◆ What is needed ◆
Give back the entries exactly as they read, leaving each image out.

==================================================

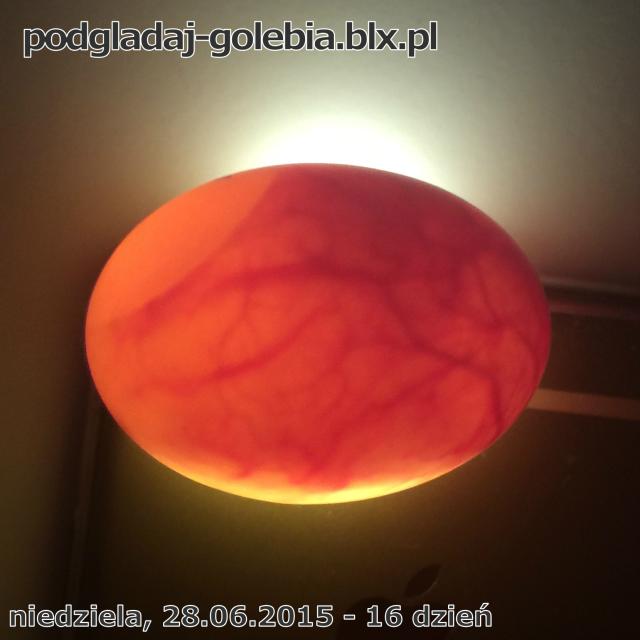 28 czerwca 2015
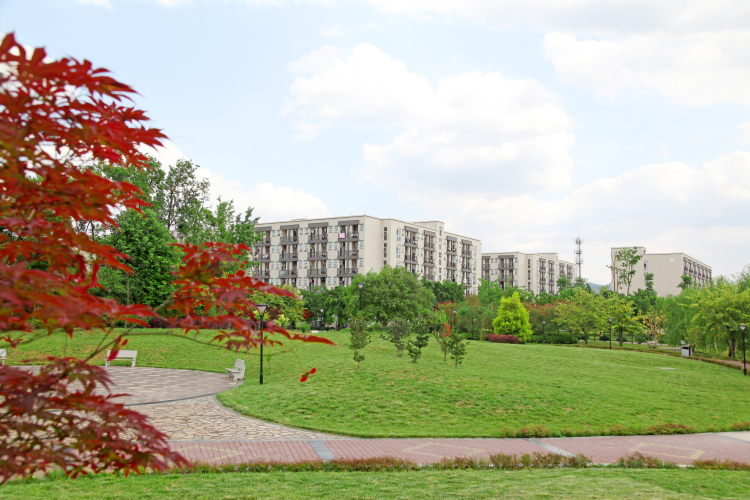 紮根天府沃土  深植教育情懷——成都文理學院努力培養高素質應用型人才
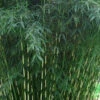Robust Bamboo - Fargesia Robusta - 3 Gallon Pot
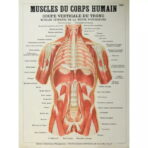poster anatomia vecchi muscoli vintage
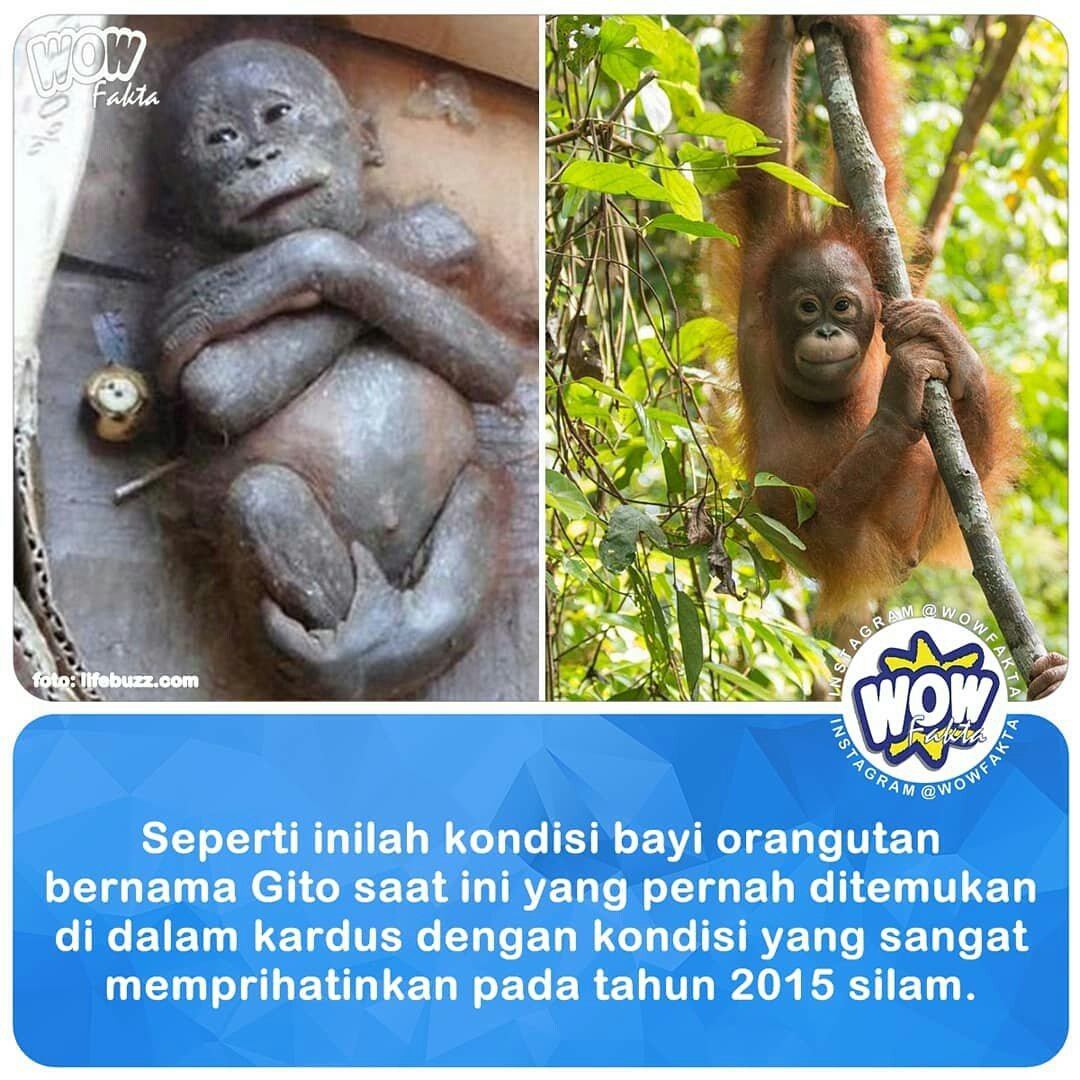 Tahun 2015 silam, sempat heboh penemuan bayi orangutan di dalam kardus. Peristiwa yang terjadi di Kalimantan Barat ini tentu saja mendapat perhatian luas. Sampai-sampai International Animal Rescue (IAR) ikut turun tangan untuk menangani kasus ini...

instagram.com/p/Bg0A3ZlghmY/
.
.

==================================================

◆ Answer below ◆
 28 czerwca 2015
 紮根天府沃土  深植教育情懷——成都文理學院努力培養高素質應用型人才
Robust Bamboo - Fargesia Robusta - 3 Gallon Pot
poster anatomia vecchi muscoli vintage
 Tahun 2015 silam, sempat heboh penemuan bayi orangutan di dalam kardus. Peristiwa yang terjadi di Kalimantan Barat ini tentu saja mendapat perhatian luas. Sampai-sampai International Animal Rescue (IAR) ikut turun tangan untuk menangani kasus ini...

instagram.com/p/Bg0A3ZlghmY/
.
.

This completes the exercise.